Summary: A sermon for Father’s Day starting with the story of King Hezekiah and his son Manasseh!
Sermon for 6/17/2007 Father’s Day
King Hezekiah and his son Manasseh
My grandfather taught me to fish.
My father-in-law’s father taught him to build houses.
Today I love to fish and my father-in-law builds houses for a living.
May we pass on these things but most importantly the faith in Jesus Christ.
A. Our verse this morning was written by King Hezekiah. Read 2 Ki 18:1-3, 5
B. Two miraculous things happened while Hezekiah was king:
1. The Assyrians invaded the land and took over all the cities of Judah except Jerusalem. Hezekiah and all the people in Jerusalem where surrounded like birds in a cage. Hezekiah and the people of Jerusalem sought the Lord and the Lord promised that he would deliver them. Hezekiah and his people did not surrender nor did they seek help from any other nations. Read Isa 37:36-37
2. Read Isa 38:1-5, 7-8
C. Read Isa 38:9
D. Now in verse 19, this is a general statement that the fathers can now tell their children about the Lord’s faithfulness, the Lord’s miracles.
E. Some commentators say that Hezekiah would have been better off to have died instead of living another 15 years. Why would they say that? In those fifteen years left of life, Hezekiah had a child born to him called Manasseh.
F. Read 2 Ki 20:21- 21:1, 2, and 9
G. During the reign of King Josiah, Manasseh’s grandson, even though Josiah tried to do right and lead a revival back to the Lord, it says: Read 2 Ki 23:26
H. When the Babylonians came and destroyed Jerusalem, it says: Read 2 Ki 24:3-4
I. On the surface it appears that Hezekiah failed to tell his child Manasseh about the Lord’s faithfulness.
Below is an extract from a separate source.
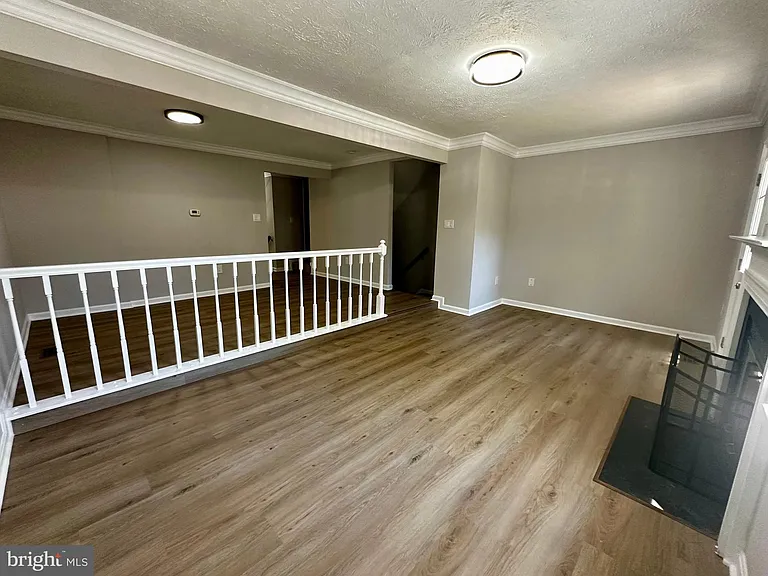 404 Cabin Ct — Photo 14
IN all fairness, we have to say that everyone has free will. In all fairness, Hezekiah’s father Ahaz was not a shining example of how to teach a child. May we not have the experience of Hezekiah and his son Manasseh.
Thesis: How can we effectively share God’s faithfulness with our children?
1. Pray for them.
B. John Trent says that he sets his watch every day and when it goes off he spends a few minutes praying for his children.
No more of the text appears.